The only conclusion one can draw is that they knew about the place and its occupants. Even if everybody in the chain of command did not know, at least somebody sufficiently senior did. And prevented others from approaching it or investigating it. For instance, the safe houses of the ISI would be off limits to the military police or civilian police personnel who would normally have jurisdiction over it. Most functionaries would not know what is inside these houses – they would only be told that they were not to go near them. It seems like the house Osama bin Laden lived it had a similar status. There is no other logical explanation.
@Jabbar,
I agree and well said, sir.
But I have to say that American media has been most unfair: Continuing to beam photos of a few thousand people mourning OBL death in a population of 180 million. Continuing to call that rather ordinary house as ‘McMansion’ at $1 million while photos will show that it was not that extra-ordinary or even that expensive. Continuing to downplay that the vast majority of Pakistanis do not care about OBL’s death. Continuing to downplay even OBL’s neighbors’ accounts that they could not have imagined OBL living there even though the house was ‘odd’.
Why don’t we here educate others about houses in Pakistan and about the possibility that indeed it possible to evade an incompetent ISI–whose own officials and facilities have been targeted by AQaida–could have conceivably missed the scum OBL’s not-so-extraordinary house?
Eidee, I think that is unfair.
First, comparing an international leader (no matter what you think about her) like Benazir Bhutto to a murderer and thug like Osama is unfair right there.
Also, I di not detect distress at his death at all. Even the Pakistani media is mostly happy that he is dead and we have seen very very few people expressing any distress about this in demonstration etc. The fact is that there has been little public support for him after his death at all.
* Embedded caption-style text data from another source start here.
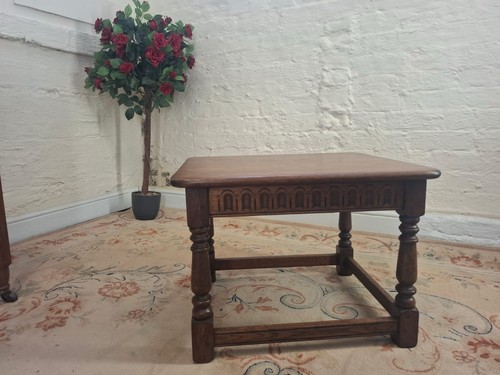 Vintage solid oak carved side - oak,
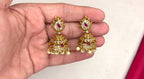 Premium Jadau Kundan Mango Design with Green Beads Short Necklace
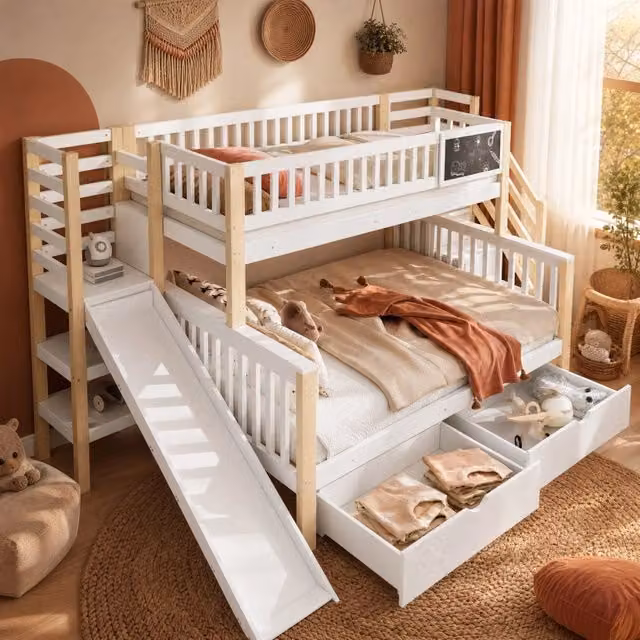 Letto a castello MIVRAY in legno di pino bianco per bambini con scala, contenitore e lavagna, dimensioni L/P/H: 200 x 90 x 161,5 cm e 200 x 140 x 148,5 cm – 1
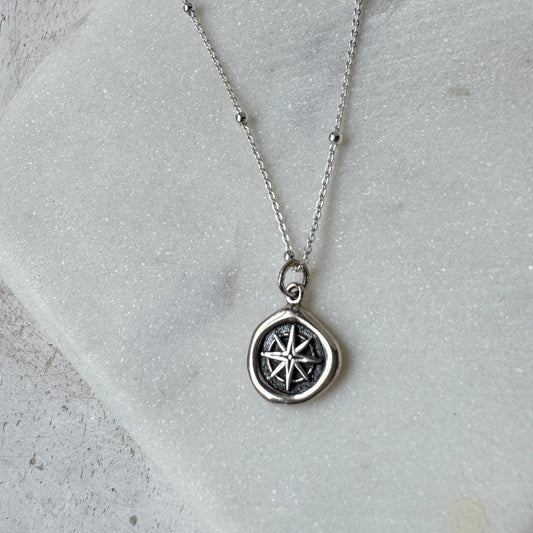 Silver Compass Rose Wax Seal Necklace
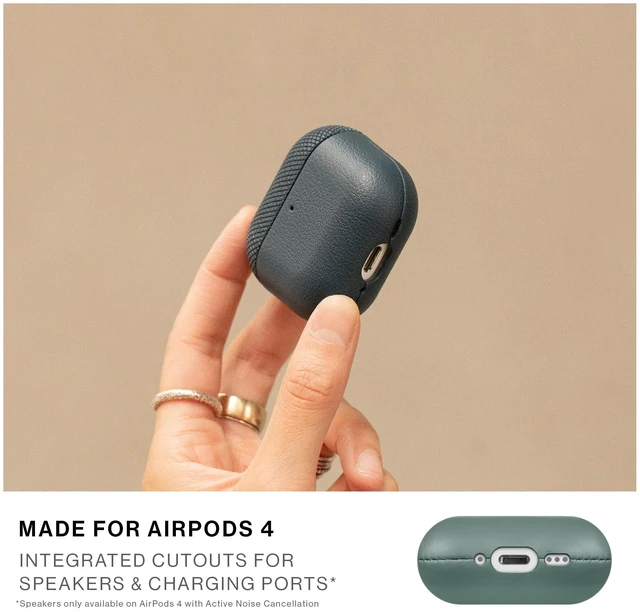 Alt view image 2 of 7 - (Re) Classic Case for AirPods 4 Premium Resistant & Recycled Materials Durable Protection Supports Wireless Chargers Compatible with AirPods 4 (Slate Green)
There is distress but it is at the Pakistan agencies and governments handling of this but not at Osama’s death.
Reading the comments on this blog and commentary on Facebook, etc, I realized something.
When Benazir was assassinated, I specifically remember many tweets, Facebook updates, and comments on various blogs expressing either pleasure, or a sort of she-deserved-it attitude. It is extremely sad to see that MORE Pakistanis seem to be distressed at the death of a criminal, terrorist, arab wahabi thug, than the first democratically elected woman. Do we need more evidence that we are rotten to the core?